Sin Sultan – Andrew Shole aka Lawrence Block (leisure Book #605, 1963)
For a while in 1963, because of a legal case, William Hamling created a couple new imprints — Pillar and Leisure Books — and made slight alternations to the stable of names — Dan Eliot for Don Elliott, John Baxter for John Dexter, Alan Marsh for Allen Marshall, and Andrew Shole for Andrew Shaw.
A. Shole — funny.
This one is penned by Lawrence Block — his style at the time dominates, and it’s a crime novel about a bad cop and a good hooker.
The novel opens with a raid on a brothel, simply a political move for good press for the new district attorney in New York. For Detective Mannix of the vice squad, it’s a way to pick up bribe cash. But the new D.A. and others in city hall are onto Mannix, wishing to clean up the police force, for Mannix is given the choice: resign quietly or be publicly humiliated and tossed into prison.

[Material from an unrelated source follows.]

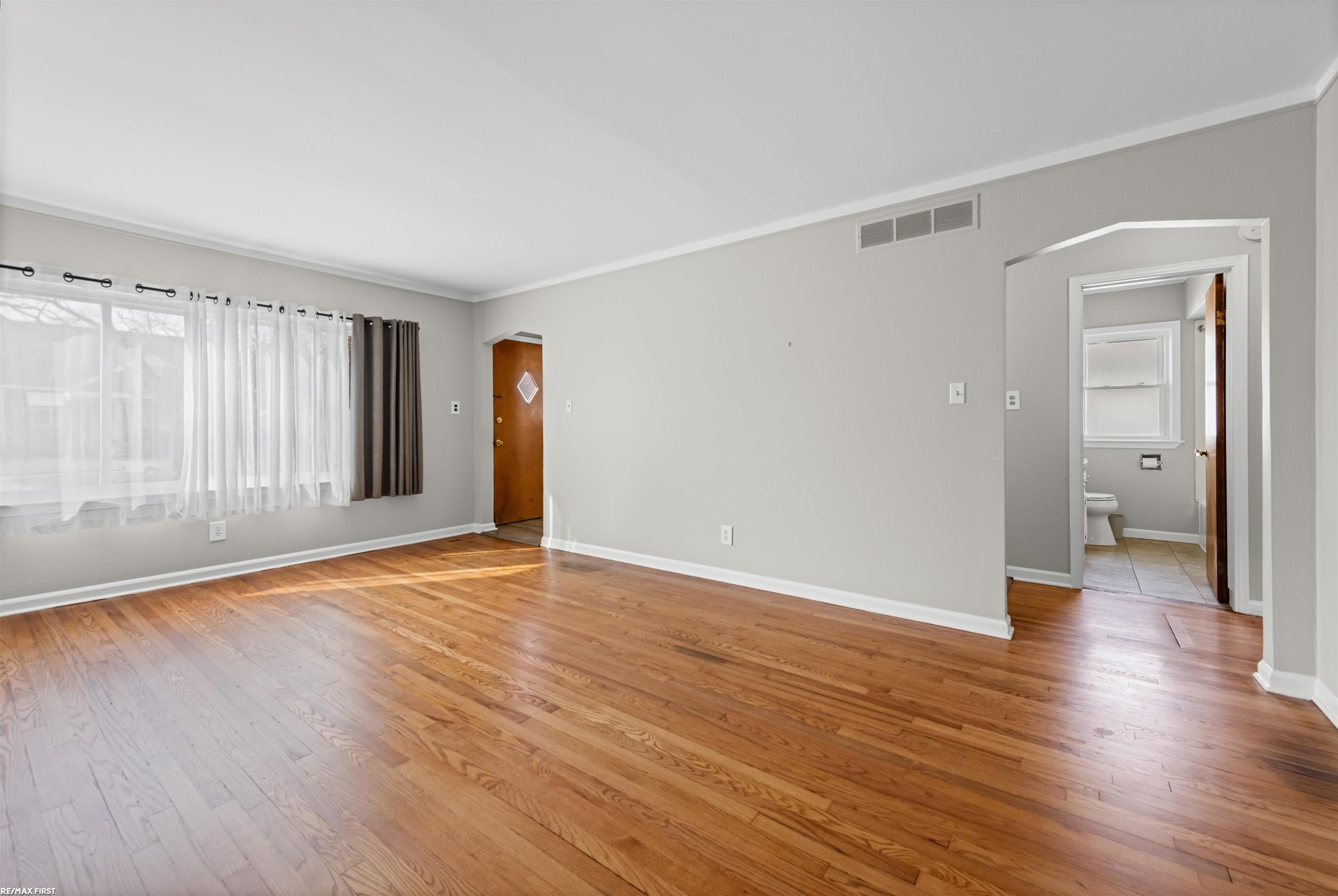 25208 Comfort Street, Center Line, MI, 48015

Mannix resigns. But he has a new career in mind: as a pimp. It’s all abt money for him, as a cop or not. He even pimps out his estranged “wife” who is in a big hole with her bookie — she has little choice: she can work off her debt through Mannix as a hooker, or wind up six feet under from the bookie. There’s one curious scene where she takes on three johns at the same time, and she discovers that she doesn’t mind this work after all.

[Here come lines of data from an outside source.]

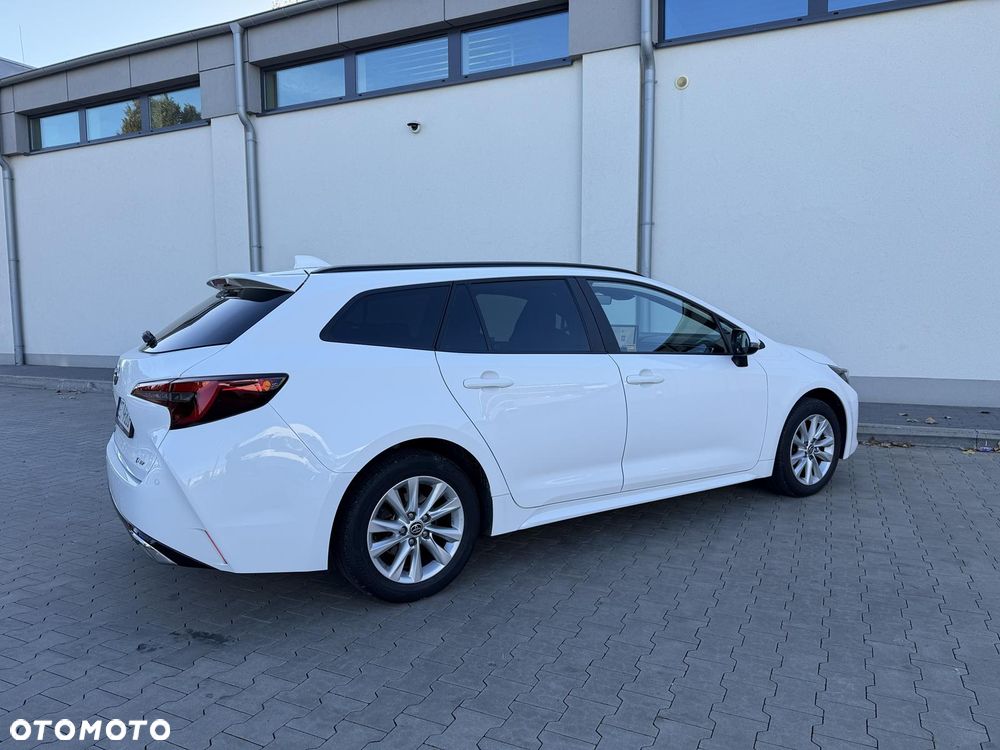 Toyota Corolla 2.0 Hybrid Comfort - 20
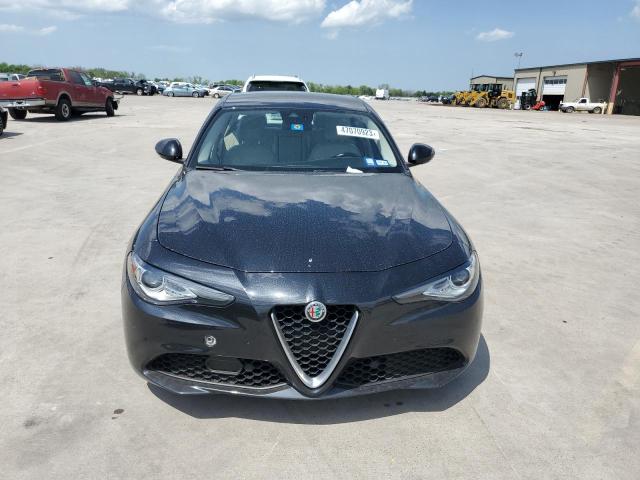 Photo 5 from auction – 2017 ALFA ROMEO GIULIA TI with VIN ZARFAECN4H7544702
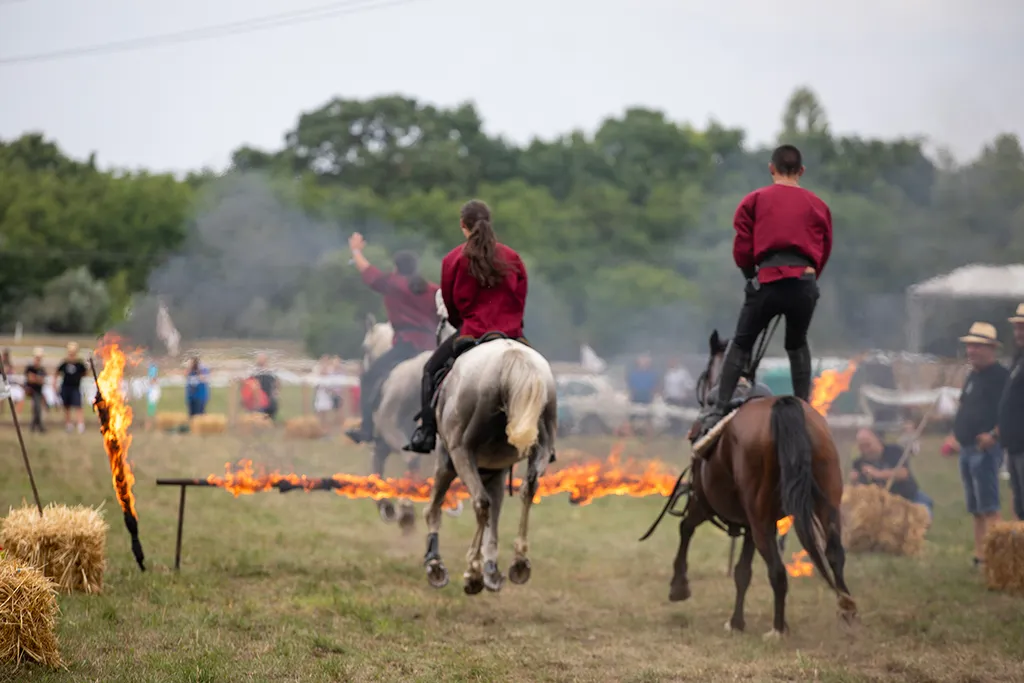 Az erdélyi Farkaslakai lovas kaszkadőrök bemutatója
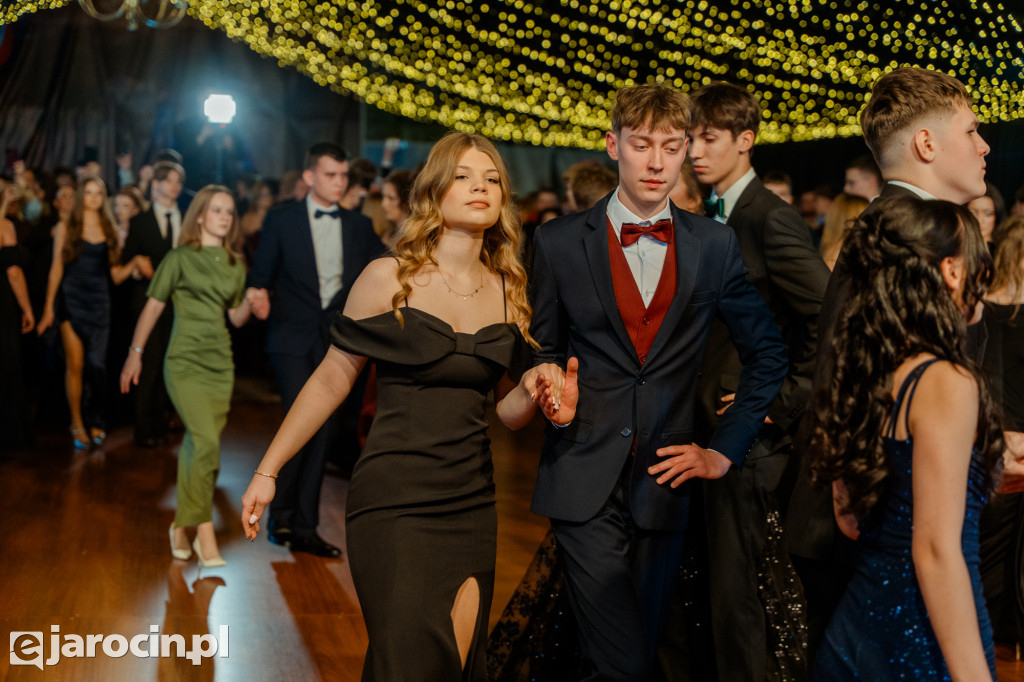 Studniówka 2025 maturzystów Liceum Ogólnokształcącego w Jarocinie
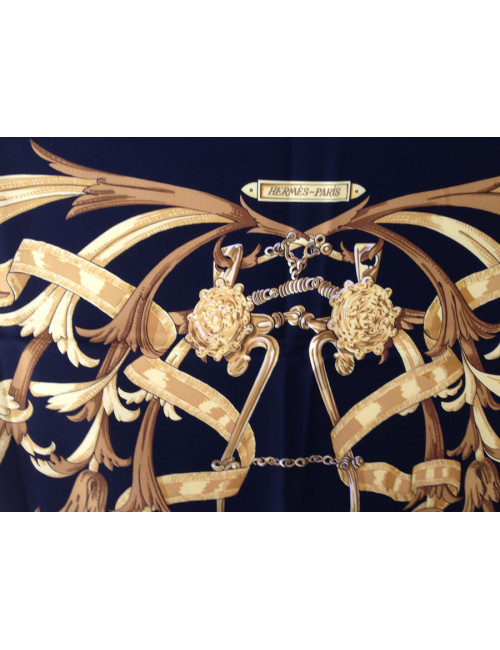 Carré HERMÈS en soie noire et or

This is a flawed novel, however; and I think Block didn’t write it alone — I detect some hints of Westlake or maybe Coons in there. It starts off great, like a classic Block crime novel, then devolves into loosely-held-together scenes of the various women working for Mannix, flashbacks of their sexual history, and how they wound up in New York and eventually working the sex trade under the wingof a disgraced vice cop,.
A C-plus overall. Possibly written too quickly to meet a deadline.